Reasons are often down to the behaviors, perceptions and psychology of the people involved. One helpful way to think about behavioral risks is the 7 Dragons of Inaction, set out by the psychologist, Robert Gifford. According to Gifford, these include the following:

Hierarchy of Needs 

Maslow’s Hierarchy of Needs, for example, can be useful to target co-benefits that help inspire people to get involved. Rigid interpretation of his model suggests that once a need is satisfied the person moves onto the next level. However, it is also true that most people’s desires, at any time, can include elements of all the motivational drivers:

1. biological: health and fitness benefits, a more comfortable working environment;
2. safety: improved skill sets and performance, work security;
3. belongingness: being part of a community of practice, enhanced morale;
4. esteem: competition, achievement, recognition; and
5. self-actualization drivers: challenge, new experiences, etc.

A strategy that taps into co-benefits, as well as promoting saving energy, carbon or cost, is often a good recipe for success as it creates a good Win/Win for the people involved.

Successful organizational change relies on individuals discovering change for themselves one person at a time. ISO 50001 follows this premise:

• it requires everyone to be aware of the importance and benefits of improved energy performance and how their activities impact on energy use;
• for those who impact on significant energy use, significant energy users (SEUs) need to be competent in their knowledge and ability and received training as necessary; and
• organizations must provide a process whereby anyone can make comments or suggest improvements.
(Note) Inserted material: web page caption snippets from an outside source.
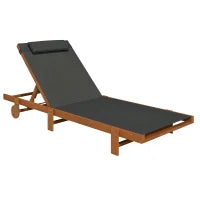 Lettino Prendisole con Schienale Regolabile su 4 Posizioni Ruote e Poggiatesta, Nero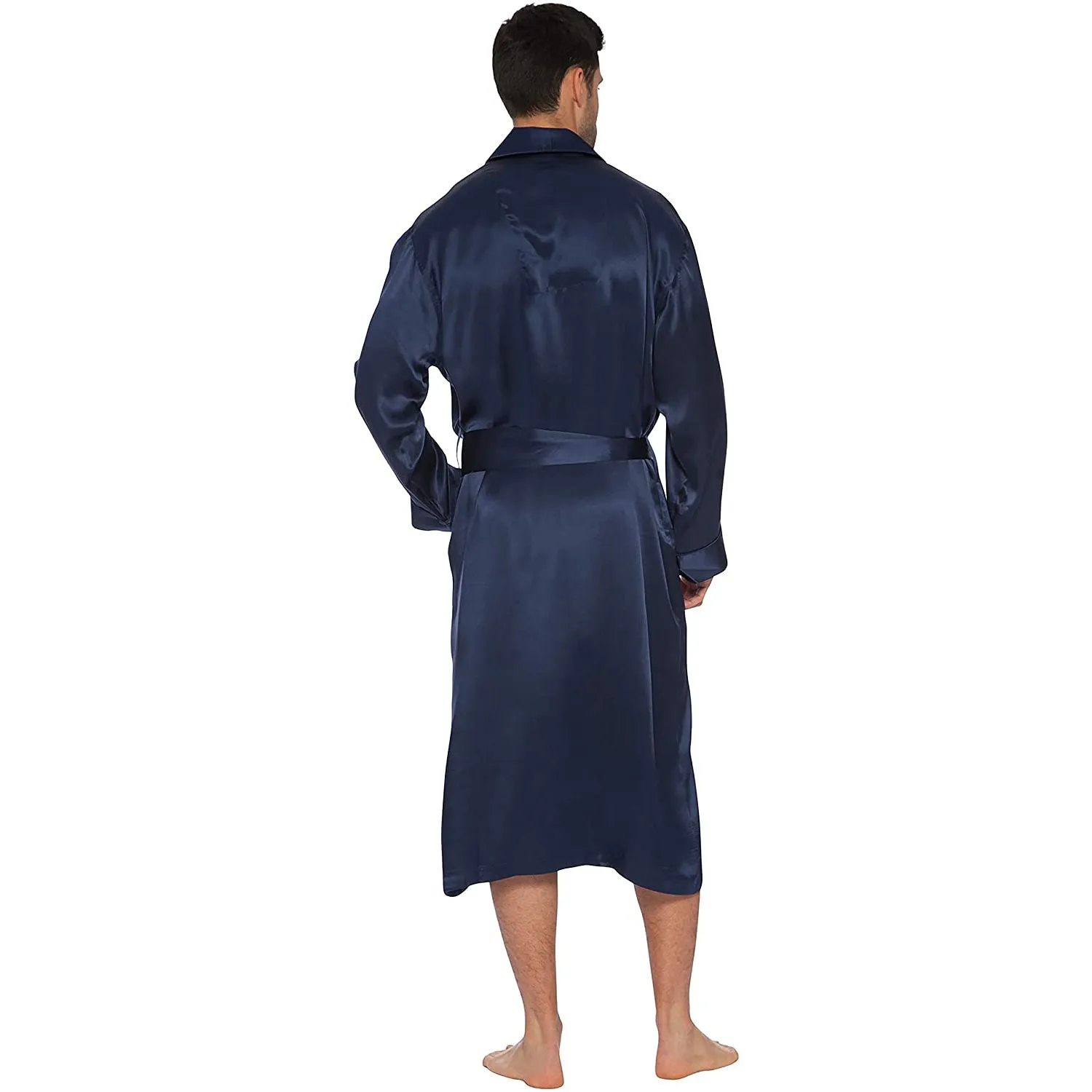 Mens Long Full-length Silk Robes Men's Luxury Silk Bathrobe
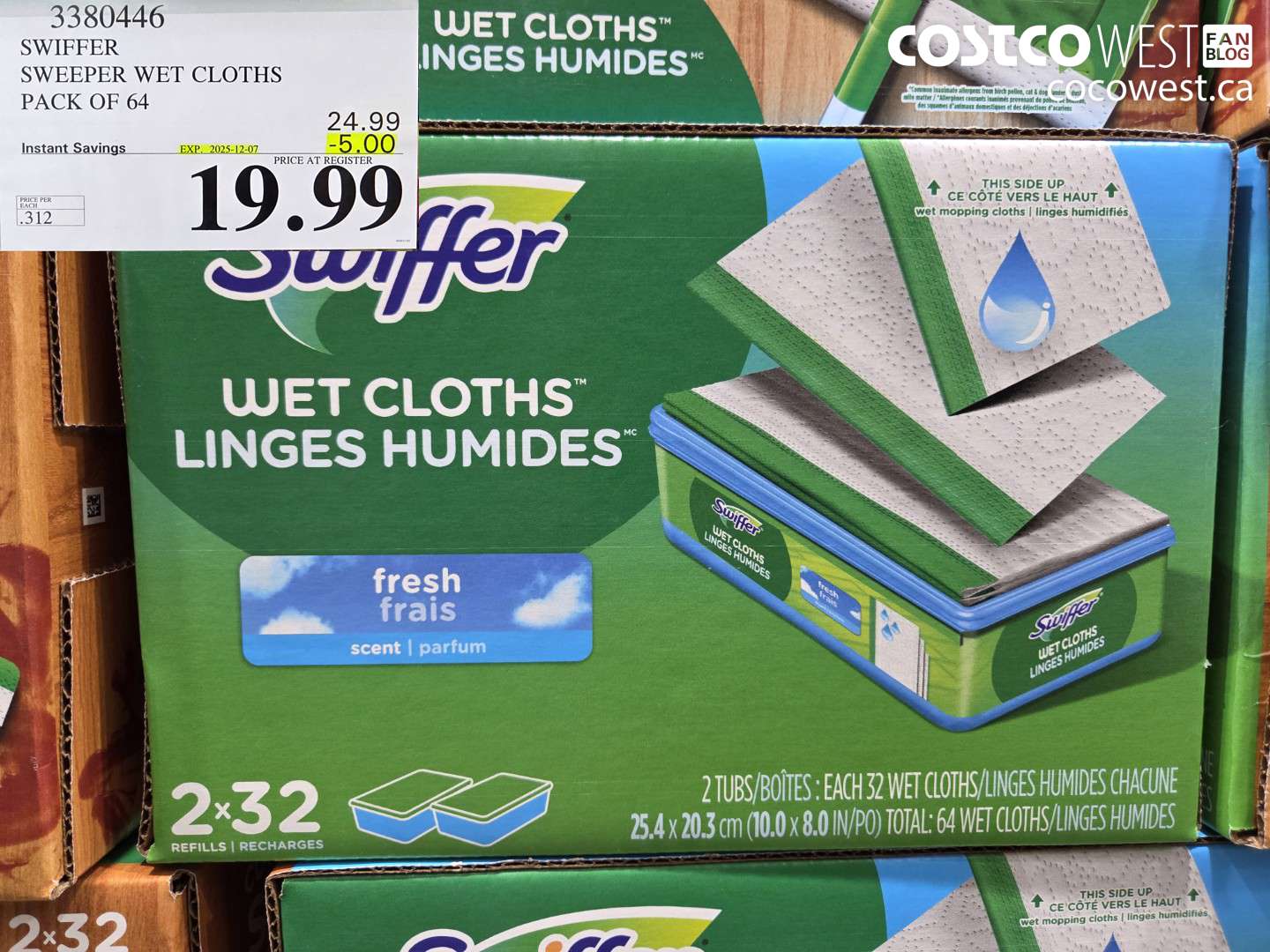 3380446 SWIFFER SWEEPER WET REFILLS PACK OF 64 ($5.00 INSTANT SAVINGS EXPIRES ON 2025-12-07) $19.99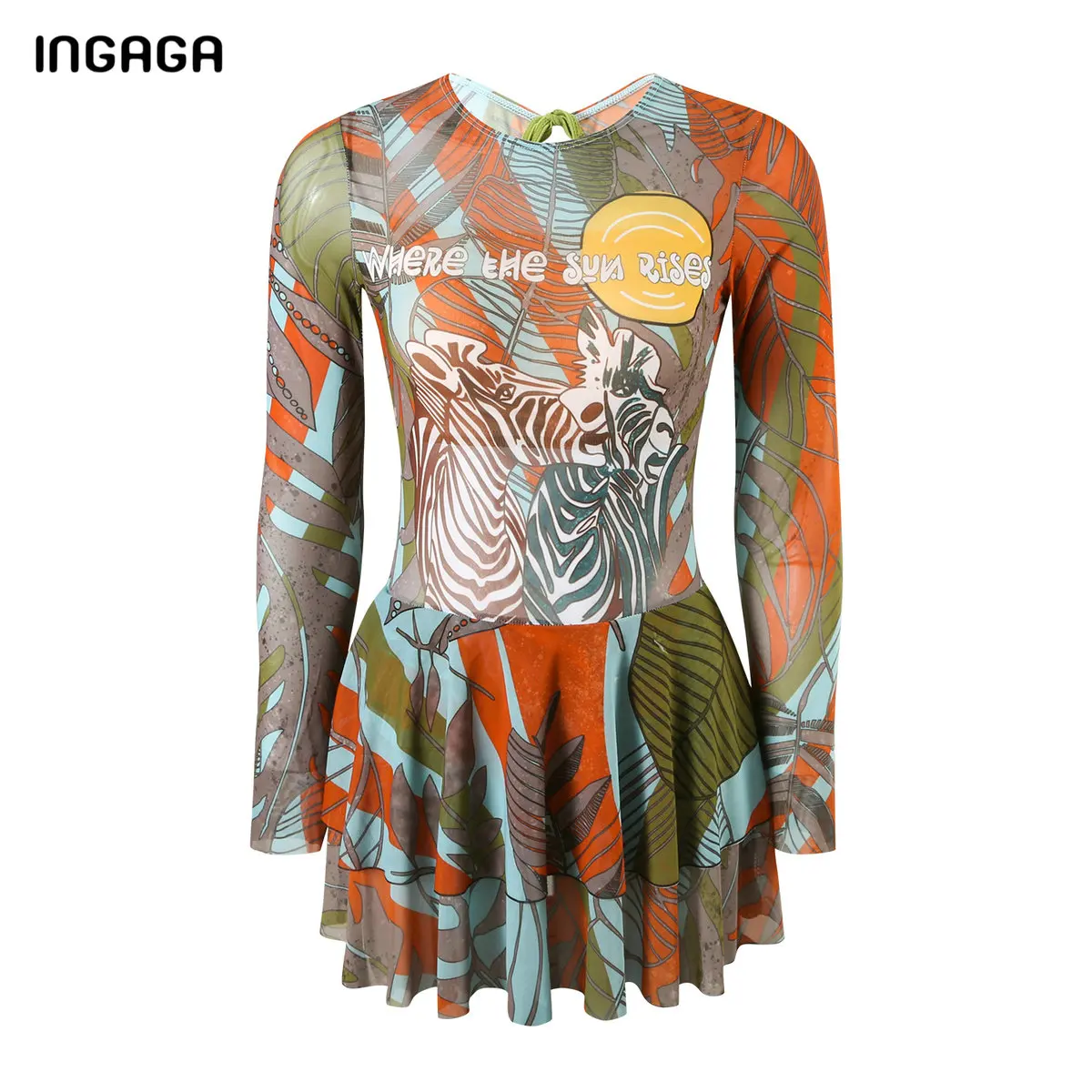 Mesh Swimsuit Sexy One Piece Swimdress with Long Sleeve Leaf Print Swim Skirt Woman Bath Dresses Abdomen Control
Mesh Swimsuit Sexy One Piece Swimdress with Long Sleeve Leaf Print Swim Skirt Woman Bath Dresses Abdomen Control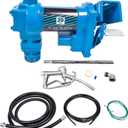 12 Volt 20 GPM Fuel Transfer Pump with Nozzle Kit for Transfer of Gasoline, Diesel, Kerosene, Ethanol & Methanol Blends & Biodiesel Blue (Fuse Required More than 50Amp)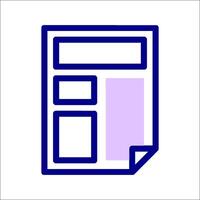 A newspaper icon with a purple outline vector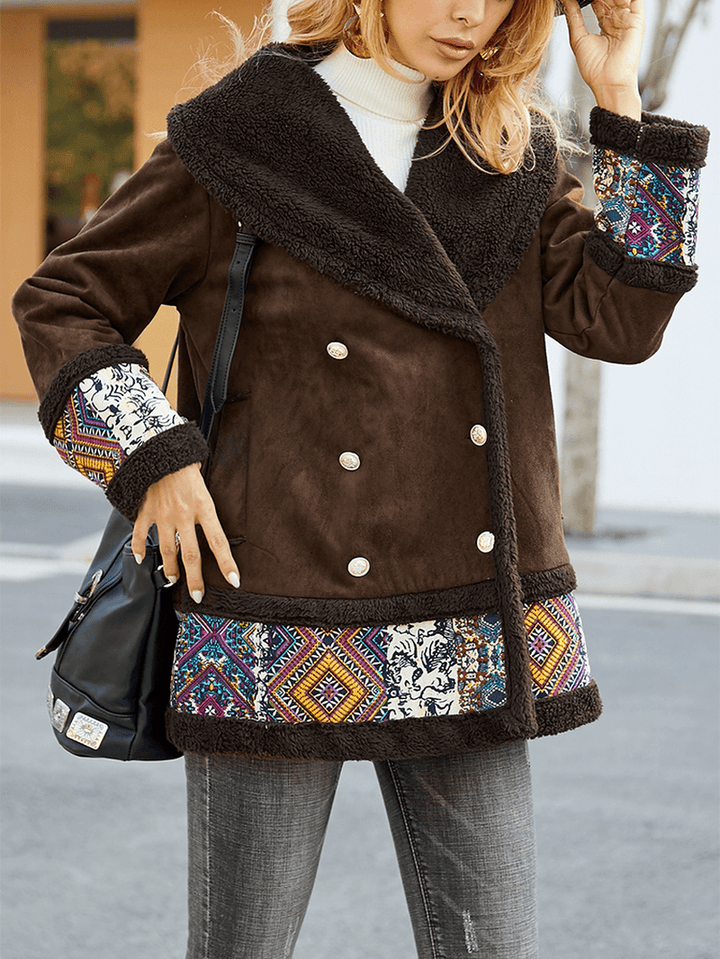 Casual Patch Print Faux Suede Double-Breasted Winter Coats - MRSLM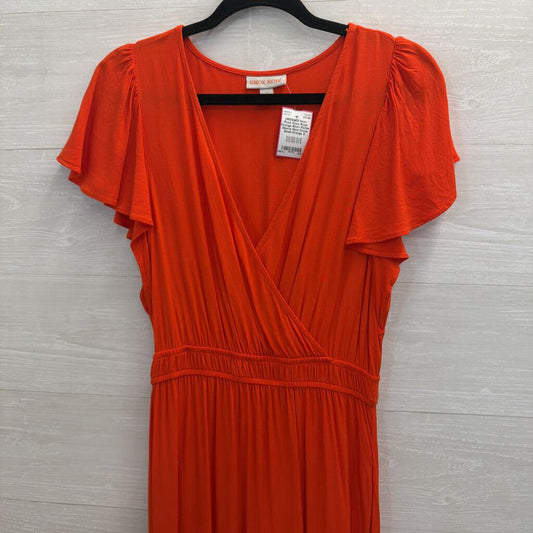 Knox Rose Orange Short Flutter Sleeve Maxi Dress Small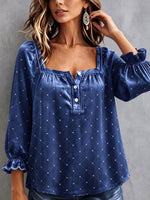 Elegant Square-neck Rhinestone-embellished Velvet Shirt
This applies to anyone working for or on behalf of the organization. 50001 promotes their involvement using activities such as empowerment, recognition, training and rewards and participation.

Delivering action and change through a network of everyday champions is a tried and tested approach. Everyday champions would normally include SEUs, ambassadors (who aim to influence top management) and key connectors (who look to influence everyone else).

Energy management team 

An energy management team is also a requirement of 50001. A strong team often includes a good mix of expertise, credibility, local staff and senior managers.

Everything communicates during change; even doing nothing tells colleagues what you expect them to do! It is important to communicate well to gain and build trust. Everyday champions have a key role in communicating the vision and leading by example.

We know awareness type campaigns, by themselves, often have low impact. They need to be part of an integrated approach.

One useful model to help understand change at an individual level is Prosci’s ADKAR model of five building blocks: its starts with Awareness; then comes the decision to get involved, Desire; after desire comes Knowledge and Ability to make change; and for change to be sustainable, Reinforcement is needed.

We need to communicate to achieve each of these to establish successful change.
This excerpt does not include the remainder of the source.